Return, from the data below, each line that contains the word "Toyota".

Data extracted from a collection:
--
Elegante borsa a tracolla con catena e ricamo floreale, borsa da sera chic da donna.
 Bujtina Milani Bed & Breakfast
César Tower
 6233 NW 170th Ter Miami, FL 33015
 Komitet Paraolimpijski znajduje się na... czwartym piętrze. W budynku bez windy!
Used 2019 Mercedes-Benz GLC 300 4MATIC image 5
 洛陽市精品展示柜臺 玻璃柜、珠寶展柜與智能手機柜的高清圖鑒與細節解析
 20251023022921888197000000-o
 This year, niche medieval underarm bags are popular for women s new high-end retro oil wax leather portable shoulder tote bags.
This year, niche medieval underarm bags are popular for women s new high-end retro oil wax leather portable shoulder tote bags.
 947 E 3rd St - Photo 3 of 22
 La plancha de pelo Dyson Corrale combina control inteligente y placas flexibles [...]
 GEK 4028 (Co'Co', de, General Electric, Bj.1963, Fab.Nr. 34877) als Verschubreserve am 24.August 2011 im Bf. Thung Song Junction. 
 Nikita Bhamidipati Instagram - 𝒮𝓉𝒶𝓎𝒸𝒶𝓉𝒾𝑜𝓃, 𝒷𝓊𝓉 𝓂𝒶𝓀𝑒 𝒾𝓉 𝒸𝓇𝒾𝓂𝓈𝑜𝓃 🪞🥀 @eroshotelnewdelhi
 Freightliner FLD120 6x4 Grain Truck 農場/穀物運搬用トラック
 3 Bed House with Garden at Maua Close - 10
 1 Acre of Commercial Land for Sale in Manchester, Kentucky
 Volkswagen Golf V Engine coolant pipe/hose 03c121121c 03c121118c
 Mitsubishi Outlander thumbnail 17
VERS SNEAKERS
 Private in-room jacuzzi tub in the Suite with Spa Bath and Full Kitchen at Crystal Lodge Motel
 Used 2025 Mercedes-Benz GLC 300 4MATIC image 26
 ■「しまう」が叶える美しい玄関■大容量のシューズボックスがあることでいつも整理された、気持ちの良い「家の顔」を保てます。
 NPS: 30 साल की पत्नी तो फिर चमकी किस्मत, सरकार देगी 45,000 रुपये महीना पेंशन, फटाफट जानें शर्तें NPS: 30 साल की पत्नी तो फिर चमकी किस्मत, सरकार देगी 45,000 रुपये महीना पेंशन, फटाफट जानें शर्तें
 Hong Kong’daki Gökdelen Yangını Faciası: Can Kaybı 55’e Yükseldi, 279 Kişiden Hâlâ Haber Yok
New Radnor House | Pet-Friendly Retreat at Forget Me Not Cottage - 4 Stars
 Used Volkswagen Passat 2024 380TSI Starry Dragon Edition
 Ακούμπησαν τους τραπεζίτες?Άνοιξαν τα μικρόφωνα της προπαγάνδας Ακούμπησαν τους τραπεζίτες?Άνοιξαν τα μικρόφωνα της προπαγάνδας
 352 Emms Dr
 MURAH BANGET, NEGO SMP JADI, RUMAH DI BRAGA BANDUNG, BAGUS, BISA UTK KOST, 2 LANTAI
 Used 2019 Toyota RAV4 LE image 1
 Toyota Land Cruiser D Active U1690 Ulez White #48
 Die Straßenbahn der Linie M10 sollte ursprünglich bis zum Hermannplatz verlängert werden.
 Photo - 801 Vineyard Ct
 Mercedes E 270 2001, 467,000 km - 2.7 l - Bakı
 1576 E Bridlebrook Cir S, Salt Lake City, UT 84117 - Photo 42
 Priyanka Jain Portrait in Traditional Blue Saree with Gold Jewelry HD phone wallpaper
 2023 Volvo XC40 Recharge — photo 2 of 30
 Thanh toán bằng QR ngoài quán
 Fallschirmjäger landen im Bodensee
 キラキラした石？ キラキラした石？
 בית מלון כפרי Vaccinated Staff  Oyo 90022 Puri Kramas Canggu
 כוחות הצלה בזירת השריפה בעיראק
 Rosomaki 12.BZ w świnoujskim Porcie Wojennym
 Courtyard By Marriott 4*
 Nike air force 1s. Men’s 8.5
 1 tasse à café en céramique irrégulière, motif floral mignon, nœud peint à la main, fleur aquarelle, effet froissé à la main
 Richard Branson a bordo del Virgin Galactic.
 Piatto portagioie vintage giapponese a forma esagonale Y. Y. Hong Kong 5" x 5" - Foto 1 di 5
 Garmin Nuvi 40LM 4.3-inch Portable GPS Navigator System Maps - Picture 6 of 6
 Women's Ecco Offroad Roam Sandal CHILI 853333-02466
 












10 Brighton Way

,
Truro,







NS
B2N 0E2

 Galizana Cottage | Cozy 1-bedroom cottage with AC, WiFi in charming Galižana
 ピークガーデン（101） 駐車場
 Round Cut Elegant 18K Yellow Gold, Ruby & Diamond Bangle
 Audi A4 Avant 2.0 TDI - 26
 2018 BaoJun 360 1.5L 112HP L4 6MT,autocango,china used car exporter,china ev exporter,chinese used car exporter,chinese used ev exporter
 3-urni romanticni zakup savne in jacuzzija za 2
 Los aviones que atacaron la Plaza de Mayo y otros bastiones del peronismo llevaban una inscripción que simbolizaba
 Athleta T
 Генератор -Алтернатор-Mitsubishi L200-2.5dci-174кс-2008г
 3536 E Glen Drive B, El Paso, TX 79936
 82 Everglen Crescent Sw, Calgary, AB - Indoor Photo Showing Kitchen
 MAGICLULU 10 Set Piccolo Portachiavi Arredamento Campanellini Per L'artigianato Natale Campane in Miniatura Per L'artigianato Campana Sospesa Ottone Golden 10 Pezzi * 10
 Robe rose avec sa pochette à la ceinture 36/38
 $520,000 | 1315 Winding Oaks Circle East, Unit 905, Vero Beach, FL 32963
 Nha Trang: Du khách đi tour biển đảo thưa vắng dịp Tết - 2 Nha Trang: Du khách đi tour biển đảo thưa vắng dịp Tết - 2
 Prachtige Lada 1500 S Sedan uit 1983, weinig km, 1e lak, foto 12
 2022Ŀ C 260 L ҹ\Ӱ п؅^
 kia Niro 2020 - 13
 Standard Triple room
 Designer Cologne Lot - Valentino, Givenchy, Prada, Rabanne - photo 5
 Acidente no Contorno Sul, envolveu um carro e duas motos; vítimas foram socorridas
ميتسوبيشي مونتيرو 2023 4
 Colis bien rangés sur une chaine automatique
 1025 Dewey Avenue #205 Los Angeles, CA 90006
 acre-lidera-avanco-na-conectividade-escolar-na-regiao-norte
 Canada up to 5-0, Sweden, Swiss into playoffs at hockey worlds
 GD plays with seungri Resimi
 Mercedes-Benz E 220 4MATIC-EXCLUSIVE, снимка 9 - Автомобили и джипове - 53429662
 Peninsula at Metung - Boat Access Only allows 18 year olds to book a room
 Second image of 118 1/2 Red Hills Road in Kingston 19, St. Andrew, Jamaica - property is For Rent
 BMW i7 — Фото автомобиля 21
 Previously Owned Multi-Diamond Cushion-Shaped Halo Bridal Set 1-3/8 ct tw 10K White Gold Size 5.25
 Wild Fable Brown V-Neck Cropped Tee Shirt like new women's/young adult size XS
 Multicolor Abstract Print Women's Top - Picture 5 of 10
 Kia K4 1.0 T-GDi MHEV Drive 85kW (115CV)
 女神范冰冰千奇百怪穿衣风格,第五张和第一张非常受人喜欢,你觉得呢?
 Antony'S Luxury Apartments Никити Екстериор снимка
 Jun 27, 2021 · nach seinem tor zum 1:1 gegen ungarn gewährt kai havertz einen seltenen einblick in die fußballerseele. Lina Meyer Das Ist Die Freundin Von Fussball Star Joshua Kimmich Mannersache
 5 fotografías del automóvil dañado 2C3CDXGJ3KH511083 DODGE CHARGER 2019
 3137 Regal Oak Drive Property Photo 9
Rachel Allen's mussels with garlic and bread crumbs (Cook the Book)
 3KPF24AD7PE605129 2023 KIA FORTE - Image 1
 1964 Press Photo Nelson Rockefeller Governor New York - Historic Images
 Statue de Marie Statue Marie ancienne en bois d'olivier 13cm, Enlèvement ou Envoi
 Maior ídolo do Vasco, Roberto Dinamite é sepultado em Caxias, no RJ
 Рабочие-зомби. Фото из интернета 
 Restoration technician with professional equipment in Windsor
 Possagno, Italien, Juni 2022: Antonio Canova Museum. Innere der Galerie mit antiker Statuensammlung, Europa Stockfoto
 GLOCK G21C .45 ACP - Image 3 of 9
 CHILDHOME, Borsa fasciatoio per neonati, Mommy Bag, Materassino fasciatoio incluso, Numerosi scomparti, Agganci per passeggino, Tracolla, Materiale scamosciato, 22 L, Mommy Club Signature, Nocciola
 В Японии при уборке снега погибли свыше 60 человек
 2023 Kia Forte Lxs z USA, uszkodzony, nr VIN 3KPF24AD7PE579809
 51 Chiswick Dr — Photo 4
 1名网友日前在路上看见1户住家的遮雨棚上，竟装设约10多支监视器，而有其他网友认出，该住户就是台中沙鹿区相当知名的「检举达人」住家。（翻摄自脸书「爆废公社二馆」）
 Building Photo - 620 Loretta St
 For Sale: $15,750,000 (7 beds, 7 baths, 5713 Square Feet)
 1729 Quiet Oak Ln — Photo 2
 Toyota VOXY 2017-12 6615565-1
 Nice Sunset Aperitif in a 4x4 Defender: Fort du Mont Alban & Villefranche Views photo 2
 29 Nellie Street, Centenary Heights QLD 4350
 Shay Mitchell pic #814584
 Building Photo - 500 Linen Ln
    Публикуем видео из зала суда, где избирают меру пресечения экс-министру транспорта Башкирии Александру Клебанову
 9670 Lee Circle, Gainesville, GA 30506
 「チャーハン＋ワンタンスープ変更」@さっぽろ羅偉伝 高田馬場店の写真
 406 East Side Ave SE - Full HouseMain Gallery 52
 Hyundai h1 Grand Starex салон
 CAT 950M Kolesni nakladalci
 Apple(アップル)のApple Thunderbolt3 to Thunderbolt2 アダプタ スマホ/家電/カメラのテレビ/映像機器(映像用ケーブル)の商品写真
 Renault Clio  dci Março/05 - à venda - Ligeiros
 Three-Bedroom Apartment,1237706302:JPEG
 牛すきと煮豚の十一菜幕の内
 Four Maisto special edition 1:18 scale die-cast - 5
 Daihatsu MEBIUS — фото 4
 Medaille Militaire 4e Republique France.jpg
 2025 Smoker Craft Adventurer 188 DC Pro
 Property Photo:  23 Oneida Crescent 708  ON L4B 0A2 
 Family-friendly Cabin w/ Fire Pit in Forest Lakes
--
§ Output below
 Used 2019 Toyota RAV4 LE image 1
 Toyota Land Cruiser D Active U1690 Ulez White #48
 Toyota VOXY 2017-12 6615565-1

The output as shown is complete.